At the time of life when i started having to work at maintaining an appropriate weight, the low-fat paradigm had taken hold.  I knew i could have all the food i wanted, including things like baked chicken breast and low-fat fish.  Nevertheless, i always felt hungry ... even when my belly was quite full.  In those days, i probably weighed 15 pounds less than i do now, and was less metabolically-challenged.  But i had a hard time accessing my own fat stores, because i was trying to satisfy appetite with pasta and rice and home-made bread (any of you aging ex-athletes remember "Eat to Win"?) -- lipolysis just ain't gonna happen with all THAT insulin floating around.

Inspired by "Strong Medicine" and the ladies on PaleoHacks who report good results on a zero-carb diet, i learned that eating nothing but fatty meat is not going to set me up for ill health.  I tried it, like it, and thrive on it.  But the central message is:  both "fatty" and "meat" have to be ample.  Not enough meat, and my body rebels with hunger.  Not enough fat, ditto.  I don't get carb cravings, though sometimes i want "dessert" after a meal; coffee alone can satisfy this, but if my meal was smallish for some reason, a quarter-cup of cream is the perfect finish.

"The REST of the story"?  :-)  I just polished off the creamed eggs (no biscuit), and now am FULL as well as satisfied.  Happy ending.

Wednesday, April 4, 2012

welcome to my world -- i mean "bloglist"

Thanks to Kateryna, i've decided to add another writer to my bloglist.  I've only just begun to read his articles, but my first impression of Peter Attia is very good indeed.

His blog is called "the war on insulin," which to my mind is slightly different from a "war on carbohydrates."  Interestingly enough, Dr.
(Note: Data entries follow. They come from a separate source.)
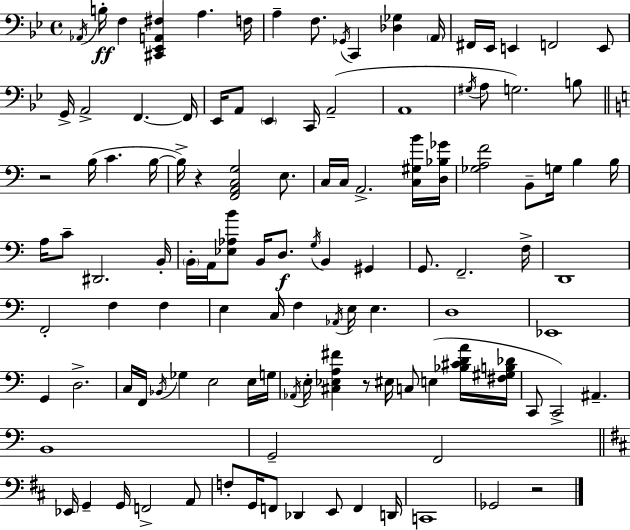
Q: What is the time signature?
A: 4/4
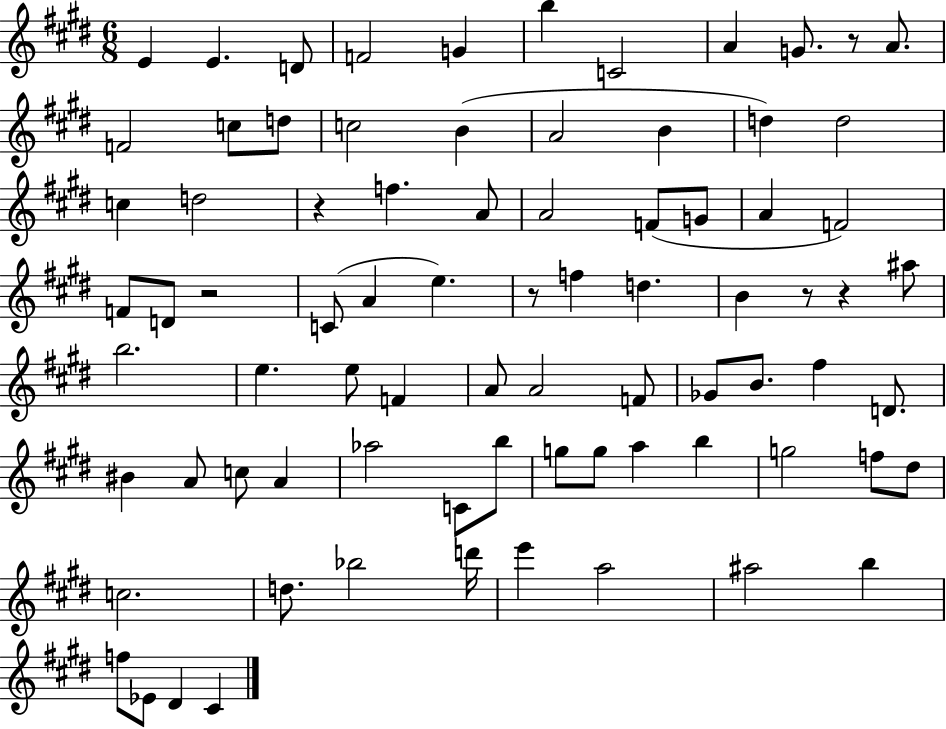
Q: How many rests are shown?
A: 6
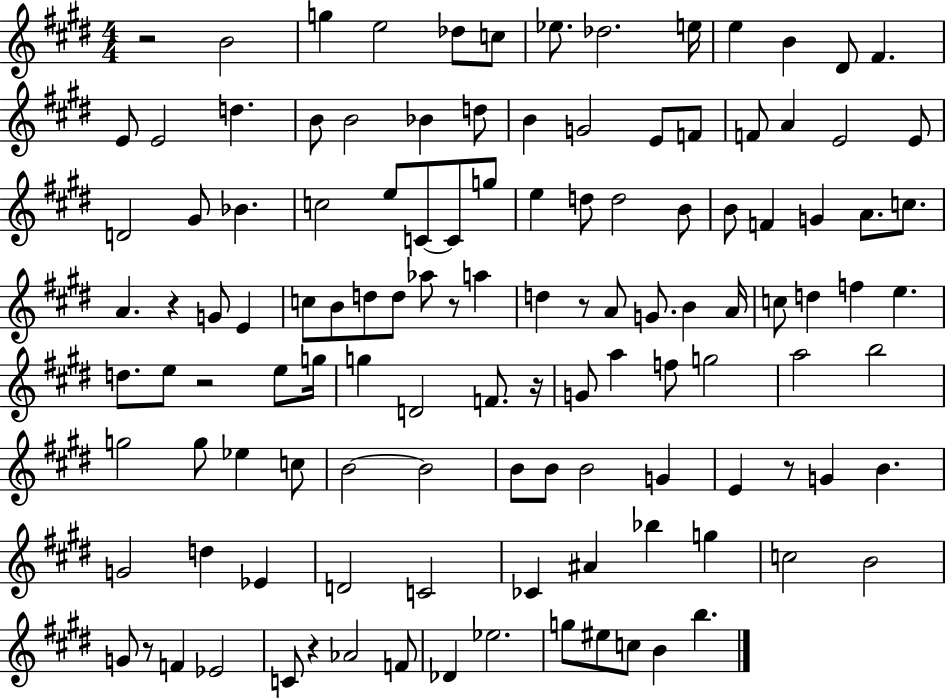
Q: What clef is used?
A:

Donaldson stated in his 1960s memoir that a number of doctors, even then, believed "insulin itself may promote hardening of the arteries"....  I've only felt passing interest in the subject of insulin, because i have no inkling that i have a problem with it, outside of its combination with carbs inducing weight gain in this aging body.

I know that insulin performs a variety of very important tasks throughout the human body.  I'm also aware that my "sufficient" intake of protein induces a release of it.  What i'm fuzzy about is, how and why it "escorts" other hormones in various cells, especially in the brain.

It's time for me to learn this stuff, and i think Dr. Attia's site is a good place to start.  Thanks, Kateryna!